All in all, we probably came closer to that $100-a-week net than we realized.
Onward and Upward at Next Year’s Farmers Market!
Now that we have a year’s experience under our belts, we plan to be back at our farmers market stand next season with everything the same, only better.
Naturally, we’re going to concentrate more heavily on the “unusual” and “variety” crops that sold so well last year. As already noted, for instance, we’ll certainly grow broccoli instead of cabbage. (Both take the same amount of work and, at least in our experience, the first will outsell the second any day. Besides that, broccoli — after its central head is harvested — will, unlike cabbage, go right on producing side shoots almost indefinitely, and all of those shoots are easy to sell too.)
Likewise, when we do grow tomatoes, squash, cucumbers, and other “standard” produce, we’re going to specialize in the varieties — low-acid tomatoes, spaghetti squash, “burbles” cucumbers and pickling gherkins — that haven’t already flooded the market.
We’re going to go very big on melons. Everyone, it seems, loves a melon! We never failed to sell all we took into town last year.
We’re also going to raise a lot of green beans. None of the vendors at our market ever had enough last season. Yes, beans are so prolific and easy to grow that such a shortage is ridiculous. We suspect that the situation has been created by the labor involved (after all, it takes an hour to pick a dollar’s worth of beans and only a few seconds to harvest a dollar melon). But we don’t mind working, and we intend to cash in on the demand this summer.
We will not, however, bother with corn. Everyone has it, the competition to sell roasting ears is too stiff, and perfect ears — especially when they’re organically grown (which is expensive, time-consuming, and hard on the soil) — are worth more than the 60 cents a dozen they bring at the market.
Further Words to the Wise
Before you take the big plunge (buy a season-long vendor’s license) into the farmers market business, do study the maturity dates of all vegetables you plan to grow for sale. In short, make sure you’ll have a full truckload of something to sell every weekend.
And think about lining up other outlets for your produce too. Otherwise, what will you do with the 25 melons that ripen the day after your selling trip to town?
“Sacks, sacks, sacks. Please find me some sacks! ” We saved every paper bag we could get our hands on for a year before we opened our stand . . . and still ran out within three weeks! A surplus store — “paper sacks, 20 cents a pound” — was our salvation.
Both you and your vegetables will last longer in the shade. We always set a pole frame and canvas cover up over our pickup truck’s bed.
The all-out effort to get ready for market — even just once a week — can be a big drain on your time and energy. If you’re afraid the pace will exhaust you too quickly, think about concentrating on a specialty crop that you can harvest and sell just a few weeks a year.
Plan to take only your “perfects” into town. (Vegetables that need trimming can feed your family.) And brace yourself for a few inevitable sneers about prices . . . even though you’ll know there’s absolutely no danger that your produce business will ever make you rich.
On the other hand, you also can expect that most of your customers will be a delight.
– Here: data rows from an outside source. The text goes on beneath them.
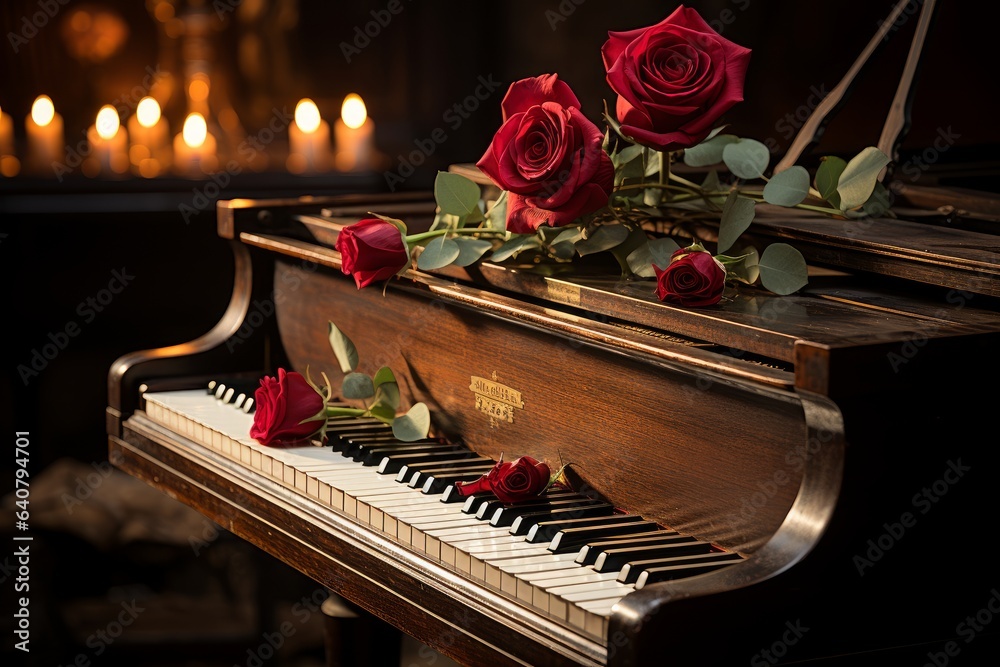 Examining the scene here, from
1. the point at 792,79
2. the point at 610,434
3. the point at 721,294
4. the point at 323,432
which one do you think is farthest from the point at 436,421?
the point at 792,79

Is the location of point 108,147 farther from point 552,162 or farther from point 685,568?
point 685,568

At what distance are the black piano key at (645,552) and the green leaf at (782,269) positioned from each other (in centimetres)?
40

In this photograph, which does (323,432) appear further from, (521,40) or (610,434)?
(521,40)

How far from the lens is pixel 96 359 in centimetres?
496

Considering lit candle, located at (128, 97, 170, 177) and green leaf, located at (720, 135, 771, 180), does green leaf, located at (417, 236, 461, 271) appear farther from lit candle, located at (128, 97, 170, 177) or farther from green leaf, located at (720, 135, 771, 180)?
lit candle, located at (128, 97, 170, 177)

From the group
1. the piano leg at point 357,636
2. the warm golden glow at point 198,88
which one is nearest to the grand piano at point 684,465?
the piano leg at point 357,636

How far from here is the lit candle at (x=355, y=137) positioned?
5.23 metres

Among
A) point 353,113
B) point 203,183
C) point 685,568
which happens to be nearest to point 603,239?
point 685,568

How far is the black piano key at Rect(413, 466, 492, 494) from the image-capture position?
2.11 metres

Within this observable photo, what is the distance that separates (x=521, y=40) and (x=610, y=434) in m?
3.54

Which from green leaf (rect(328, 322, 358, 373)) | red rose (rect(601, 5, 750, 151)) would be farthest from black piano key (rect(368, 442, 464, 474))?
red rose (rect(601, 5, 750, 151))

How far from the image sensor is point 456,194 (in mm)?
2250

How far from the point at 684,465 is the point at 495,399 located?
1.55 ft

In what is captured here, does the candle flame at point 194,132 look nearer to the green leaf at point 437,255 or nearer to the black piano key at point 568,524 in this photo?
the green leaf at point 437,255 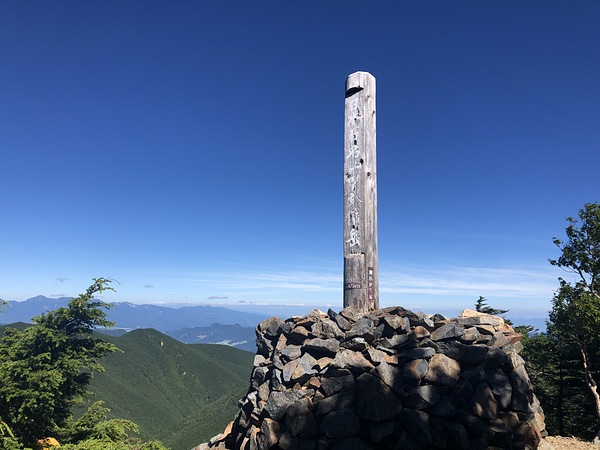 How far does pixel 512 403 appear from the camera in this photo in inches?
229

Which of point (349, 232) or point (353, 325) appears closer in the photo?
point (353, 325)

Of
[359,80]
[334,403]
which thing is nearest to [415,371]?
[334,403]

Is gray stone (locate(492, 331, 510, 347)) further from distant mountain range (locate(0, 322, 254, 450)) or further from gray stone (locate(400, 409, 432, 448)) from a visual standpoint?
distant mountain range (locate(0, 322, 254, 450))

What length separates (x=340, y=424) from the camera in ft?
18.9

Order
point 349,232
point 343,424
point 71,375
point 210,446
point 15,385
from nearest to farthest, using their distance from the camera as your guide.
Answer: point 343,424, point 210,446, point 349,232, point 15,385, point 71,375

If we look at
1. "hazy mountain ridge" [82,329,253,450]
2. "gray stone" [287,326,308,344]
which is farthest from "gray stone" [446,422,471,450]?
"hazy mountain ridge" [82,329,253,450]

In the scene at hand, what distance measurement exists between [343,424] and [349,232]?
13.4ft

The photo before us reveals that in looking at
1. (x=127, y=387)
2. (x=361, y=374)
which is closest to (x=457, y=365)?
(x=361, y=374)

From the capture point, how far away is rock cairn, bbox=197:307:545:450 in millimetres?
5586

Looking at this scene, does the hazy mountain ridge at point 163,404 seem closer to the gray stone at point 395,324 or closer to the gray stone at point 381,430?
the gray stone at point 395,324

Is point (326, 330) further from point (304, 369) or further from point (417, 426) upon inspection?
point (417, 426)

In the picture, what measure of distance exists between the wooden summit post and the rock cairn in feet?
2.59

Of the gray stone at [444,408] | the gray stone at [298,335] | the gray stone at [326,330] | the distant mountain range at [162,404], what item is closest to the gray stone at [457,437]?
the gray stone at [444,408]

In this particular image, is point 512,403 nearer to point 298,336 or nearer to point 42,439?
point 298,336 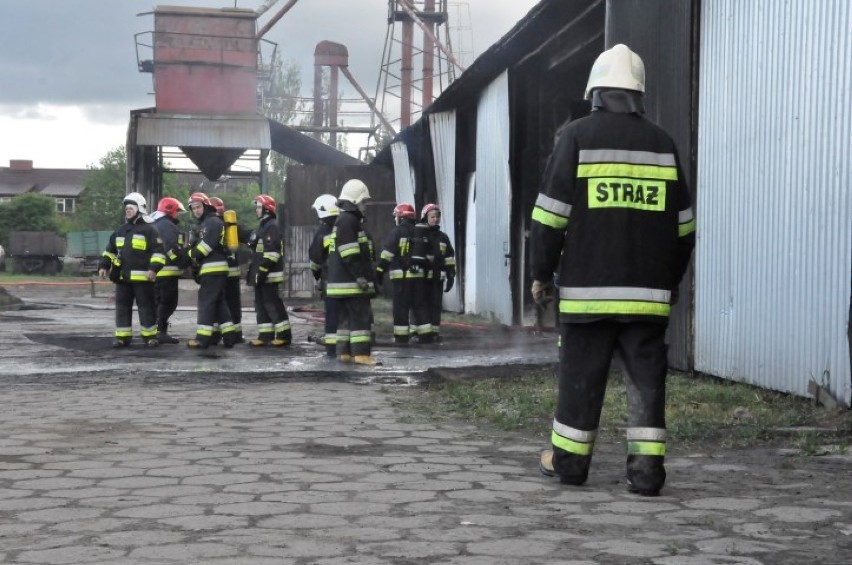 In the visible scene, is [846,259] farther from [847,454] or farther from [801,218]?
[847,454]

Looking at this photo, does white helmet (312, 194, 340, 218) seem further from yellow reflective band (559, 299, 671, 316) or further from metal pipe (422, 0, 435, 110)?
metal pipe (422, 0, 435, 110)

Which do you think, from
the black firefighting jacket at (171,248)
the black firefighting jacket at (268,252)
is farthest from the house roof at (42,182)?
the black firefighting jacket at (268,252)

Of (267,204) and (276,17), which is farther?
(276,17)

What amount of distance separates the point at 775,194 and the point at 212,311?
753 cm

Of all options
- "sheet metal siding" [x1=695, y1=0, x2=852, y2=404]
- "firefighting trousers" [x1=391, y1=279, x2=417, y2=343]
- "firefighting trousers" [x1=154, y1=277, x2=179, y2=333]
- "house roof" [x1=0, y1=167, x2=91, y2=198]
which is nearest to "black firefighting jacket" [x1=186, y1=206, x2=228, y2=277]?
"firefighting trousers" [x1=154, y1=277, x2=179, y2=333]

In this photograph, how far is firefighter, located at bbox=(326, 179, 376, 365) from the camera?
12008 millimetres

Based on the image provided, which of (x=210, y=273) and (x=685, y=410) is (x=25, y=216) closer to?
(x=210, y=273)

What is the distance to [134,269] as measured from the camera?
1419cm

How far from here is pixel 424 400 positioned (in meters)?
9.06

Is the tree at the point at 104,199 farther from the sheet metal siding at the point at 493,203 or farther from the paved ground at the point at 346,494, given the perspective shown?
the paved ground at the point at 346,494

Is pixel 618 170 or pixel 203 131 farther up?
pixel 203 131

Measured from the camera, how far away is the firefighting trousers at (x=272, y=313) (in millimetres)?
14344

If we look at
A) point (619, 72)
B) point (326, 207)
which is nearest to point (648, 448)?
point (619, 72)

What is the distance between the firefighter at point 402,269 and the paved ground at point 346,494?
19.6 feet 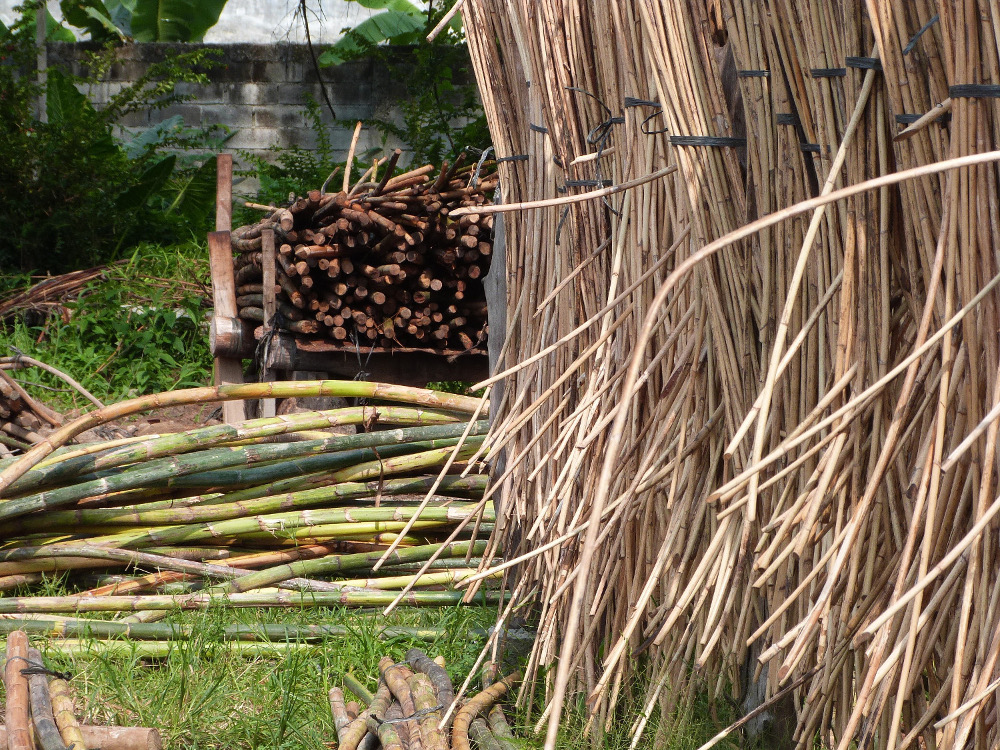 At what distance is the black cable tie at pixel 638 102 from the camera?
155 centimetres

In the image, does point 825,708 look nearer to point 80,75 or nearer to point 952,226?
point 952,226

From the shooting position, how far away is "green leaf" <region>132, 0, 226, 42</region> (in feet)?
30.0

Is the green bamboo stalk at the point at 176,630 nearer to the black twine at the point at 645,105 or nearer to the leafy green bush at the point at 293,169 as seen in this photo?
the black twine at the point at 645,105

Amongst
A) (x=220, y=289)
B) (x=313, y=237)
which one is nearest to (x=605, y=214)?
(x=313, y=237)

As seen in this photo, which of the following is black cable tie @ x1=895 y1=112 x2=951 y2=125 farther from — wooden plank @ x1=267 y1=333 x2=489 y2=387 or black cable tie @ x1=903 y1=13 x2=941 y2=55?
wooden plank @ x1=267 y1=333 x2=489 y2=387

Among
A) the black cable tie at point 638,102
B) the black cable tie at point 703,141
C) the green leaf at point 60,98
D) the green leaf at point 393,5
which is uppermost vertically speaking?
the green leaf at point 393,5

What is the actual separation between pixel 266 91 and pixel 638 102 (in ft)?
24.5

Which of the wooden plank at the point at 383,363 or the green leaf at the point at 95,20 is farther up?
the green leaf at the point at 95,20

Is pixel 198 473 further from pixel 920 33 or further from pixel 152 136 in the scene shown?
pixel 152 136

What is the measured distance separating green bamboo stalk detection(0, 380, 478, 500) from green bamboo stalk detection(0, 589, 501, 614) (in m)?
0.32

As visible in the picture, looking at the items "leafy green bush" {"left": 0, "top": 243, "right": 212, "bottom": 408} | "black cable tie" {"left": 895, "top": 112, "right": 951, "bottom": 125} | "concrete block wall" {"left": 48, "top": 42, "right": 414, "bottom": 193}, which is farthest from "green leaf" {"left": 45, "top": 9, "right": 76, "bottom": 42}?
"black cable tie" {"left": 895, "top": 112, "right": 951, "bottom": 125}

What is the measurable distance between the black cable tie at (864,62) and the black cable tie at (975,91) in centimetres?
16

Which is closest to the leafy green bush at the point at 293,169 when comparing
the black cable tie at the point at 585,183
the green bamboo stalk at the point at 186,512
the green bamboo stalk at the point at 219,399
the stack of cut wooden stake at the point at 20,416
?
the stack of cut wooden stake at the point at 20,416

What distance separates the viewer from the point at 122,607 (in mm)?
Result: 2631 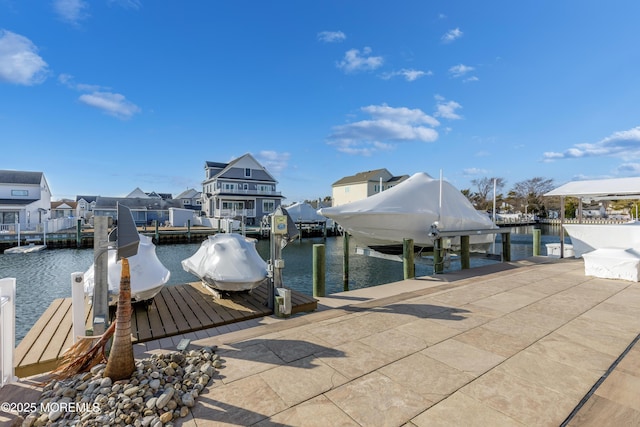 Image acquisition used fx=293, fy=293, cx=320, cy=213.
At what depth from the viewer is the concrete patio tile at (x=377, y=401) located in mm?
2367

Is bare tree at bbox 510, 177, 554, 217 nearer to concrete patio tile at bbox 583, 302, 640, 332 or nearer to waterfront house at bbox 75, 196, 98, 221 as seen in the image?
concrete patio tile at bbox 583, 302, 640, 332

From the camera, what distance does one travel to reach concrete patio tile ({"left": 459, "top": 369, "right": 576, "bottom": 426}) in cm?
238

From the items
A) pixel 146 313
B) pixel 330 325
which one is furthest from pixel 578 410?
pixel 146 313

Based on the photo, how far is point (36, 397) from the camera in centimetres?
266

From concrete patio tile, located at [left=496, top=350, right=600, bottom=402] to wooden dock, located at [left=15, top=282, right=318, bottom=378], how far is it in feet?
9.77

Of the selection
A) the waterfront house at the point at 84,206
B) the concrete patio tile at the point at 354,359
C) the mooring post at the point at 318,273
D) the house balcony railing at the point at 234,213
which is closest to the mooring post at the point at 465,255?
the mooring post at the point at 318,273

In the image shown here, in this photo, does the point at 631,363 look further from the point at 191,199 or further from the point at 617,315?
the point at 191,199

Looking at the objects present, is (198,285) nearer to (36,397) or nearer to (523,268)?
(36,397)

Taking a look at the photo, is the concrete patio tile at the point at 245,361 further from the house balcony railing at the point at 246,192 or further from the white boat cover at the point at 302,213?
the white boat cover at the point at 302,213

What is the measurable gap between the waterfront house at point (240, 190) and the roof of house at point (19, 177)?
15.5m

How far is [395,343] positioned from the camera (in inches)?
148

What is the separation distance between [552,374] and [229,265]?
188 inches

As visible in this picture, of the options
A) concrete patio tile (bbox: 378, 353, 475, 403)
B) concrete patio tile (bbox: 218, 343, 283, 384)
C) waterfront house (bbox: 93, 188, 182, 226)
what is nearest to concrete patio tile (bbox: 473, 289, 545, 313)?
concrete patio tile (bbox: 378, 353, 475, 403)

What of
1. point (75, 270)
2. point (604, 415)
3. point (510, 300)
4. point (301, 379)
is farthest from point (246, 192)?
point (604, 415)
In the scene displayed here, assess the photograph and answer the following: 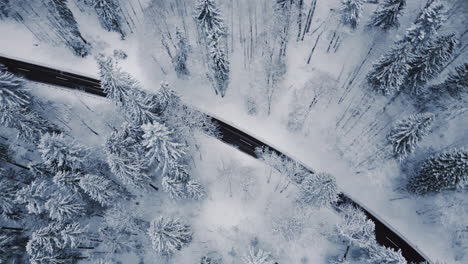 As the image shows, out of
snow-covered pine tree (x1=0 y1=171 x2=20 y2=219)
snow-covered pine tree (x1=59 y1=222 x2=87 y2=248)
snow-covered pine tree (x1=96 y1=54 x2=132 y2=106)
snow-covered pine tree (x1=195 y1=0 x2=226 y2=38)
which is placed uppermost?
snow-covered pine tree (x1=195 y1=0 x2=226 y2=38)

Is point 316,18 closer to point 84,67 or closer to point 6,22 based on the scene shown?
point 84,67

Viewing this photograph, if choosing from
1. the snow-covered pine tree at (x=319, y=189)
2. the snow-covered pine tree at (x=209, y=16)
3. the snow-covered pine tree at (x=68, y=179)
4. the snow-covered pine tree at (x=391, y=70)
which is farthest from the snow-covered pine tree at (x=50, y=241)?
the snow-covered pine tree at (x=391, y=70)

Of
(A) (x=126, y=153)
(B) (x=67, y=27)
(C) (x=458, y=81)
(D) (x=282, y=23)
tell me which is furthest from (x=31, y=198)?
(C) (x=458, y=81)

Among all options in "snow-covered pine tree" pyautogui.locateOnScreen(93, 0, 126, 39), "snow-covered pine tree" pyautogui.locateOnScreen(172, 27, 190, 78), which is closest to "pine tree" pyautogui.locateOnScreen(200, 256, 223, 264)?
"snow-covered pine tree" pyautogui.locateOnScreen(172, 27, 190, 78)

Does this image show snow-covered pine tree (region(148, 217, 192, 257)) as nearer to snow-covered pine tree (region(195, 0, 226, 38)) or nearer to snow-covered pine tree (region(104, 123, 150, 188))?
snow-covered pine tree (region(104, 123, 150, 188))

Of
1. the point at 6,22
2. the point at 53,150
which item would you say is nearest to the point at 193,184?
the point at 53,150

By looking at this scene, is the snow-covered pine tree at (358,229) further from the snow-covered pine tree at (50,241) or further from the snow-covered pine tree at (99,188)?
the snow-covered pine tree at (50,241)
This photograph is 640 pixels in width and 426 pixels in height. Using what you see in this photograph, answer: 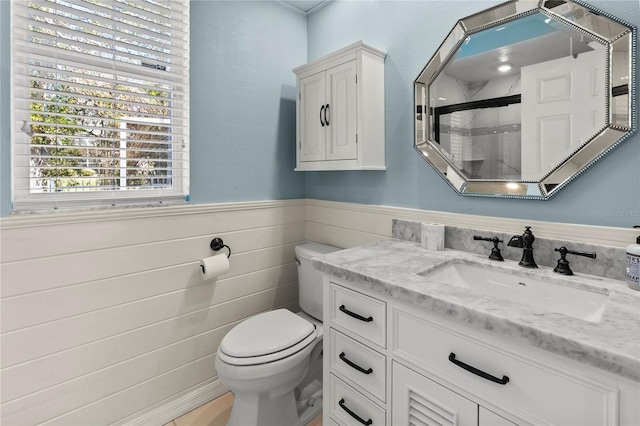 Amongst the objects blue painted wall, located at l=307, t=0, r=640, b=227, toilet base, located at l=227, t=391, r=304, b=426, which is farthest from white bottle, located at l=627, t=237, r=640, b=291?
toilet base, located at l=227, t=391, r=304, b=426

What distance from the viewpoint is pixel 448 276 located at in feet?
4.25

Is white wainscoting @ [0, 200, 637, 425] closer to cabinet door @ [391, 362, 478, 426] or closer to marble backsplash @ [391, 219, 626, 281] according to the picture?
marble backsplash @ [391, 219, 626, 281]

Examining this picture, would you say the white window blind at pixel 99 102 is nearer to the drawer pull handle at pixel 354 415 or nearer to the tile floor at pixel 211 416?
the tile floor at pixel 211 416

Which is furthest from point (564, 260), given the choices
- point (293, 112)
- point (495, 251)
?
point (293, 112)

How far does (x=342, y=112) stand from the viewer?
1747mm

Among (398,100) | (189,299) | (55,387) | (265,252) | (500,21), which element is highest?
(500,21)

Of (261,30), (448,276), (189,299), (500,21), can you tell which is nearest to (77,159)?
(189,299)

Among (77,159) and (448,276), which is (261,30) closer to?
(77,159)

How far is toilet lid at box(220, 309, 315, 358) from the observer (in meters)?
1.39

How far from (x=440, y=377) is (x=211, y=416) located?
138 cm

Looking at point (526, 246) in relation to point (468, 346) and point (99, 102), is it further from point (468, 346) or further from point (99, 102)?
point (99, 102)

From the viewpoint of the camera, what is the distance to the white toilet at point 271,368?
1.37 metres

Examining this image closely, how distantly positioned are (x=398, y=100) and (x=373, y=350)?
1.27 meters

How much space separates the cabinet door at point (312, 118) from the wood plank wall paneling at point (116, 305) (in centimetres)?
46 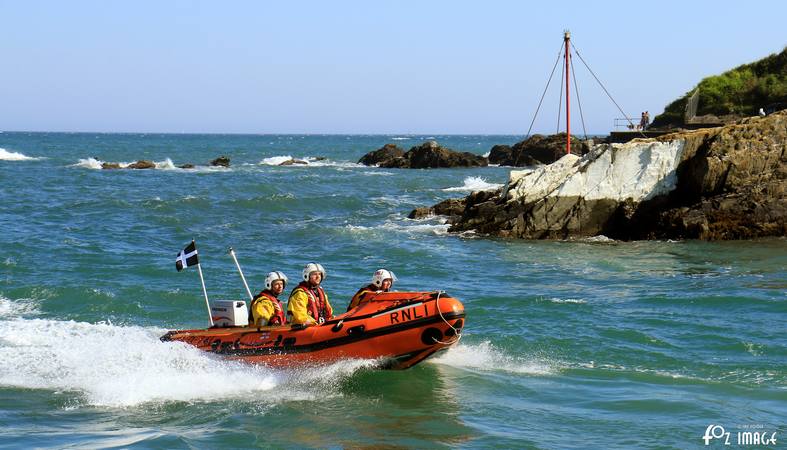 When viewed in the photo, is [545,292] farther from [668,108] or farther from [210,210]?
[668,108]

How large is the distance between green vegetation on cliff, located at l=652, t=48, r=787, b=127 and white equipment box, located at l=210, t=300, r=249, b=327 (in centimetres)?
3518

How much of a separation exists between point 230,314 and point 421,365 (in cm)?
317

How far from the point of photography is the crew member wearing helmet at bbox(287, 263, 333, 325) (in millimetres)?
14172

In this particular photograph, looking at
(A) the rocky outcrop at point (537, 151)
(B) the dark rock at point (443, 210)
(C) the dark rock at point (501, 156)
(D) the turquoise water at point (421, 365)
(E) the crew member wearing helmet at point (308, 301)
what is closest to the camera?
(D) the turquoise water at point (421, 365)

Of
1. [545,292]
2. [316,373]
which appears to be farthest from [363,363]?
[545,292]

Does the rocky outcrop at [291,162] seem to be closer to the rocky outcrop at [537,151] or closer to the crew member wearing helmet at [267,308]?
the rocky outcrop at [537,151]

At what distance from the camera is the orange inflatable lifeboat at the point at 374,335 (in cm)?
1361

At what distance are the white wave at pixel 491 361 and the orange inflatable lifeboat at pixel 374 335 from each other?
791 millimetres

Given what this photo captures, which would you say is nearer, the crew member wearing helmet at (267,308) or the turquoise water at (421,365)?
the turquoise water at (421,365)

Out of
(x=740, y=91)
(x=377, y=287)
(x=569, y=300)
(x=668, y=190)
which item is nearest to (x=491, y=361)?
(x=377, y=287)

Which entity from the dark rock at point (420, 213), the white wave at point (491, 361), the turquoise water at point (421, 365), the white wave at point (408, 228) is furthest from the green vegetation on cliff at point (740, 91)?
the white wave at point (491, 361)

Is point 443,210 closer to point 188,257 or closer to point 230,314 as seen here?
point 188,257

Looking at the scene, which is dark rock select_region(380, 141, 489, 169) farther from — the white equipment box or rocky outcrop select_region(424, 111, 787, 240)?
the white equipment box

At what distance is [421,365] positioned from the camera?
48.3ft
They will! I had figured that the majority of our shoppers would be large families looking for food bargains. Instead, 75 percent of the clientele turned out to be older folks. Perhaps because Omaha’s farmers market is located downtown, close to some older neighborhoods. Or, perhaps, because — in the main — only older people now remember what really fresh, homegrown food tastes like . . . and are not afraid to buy such produce and thank you for the privilege.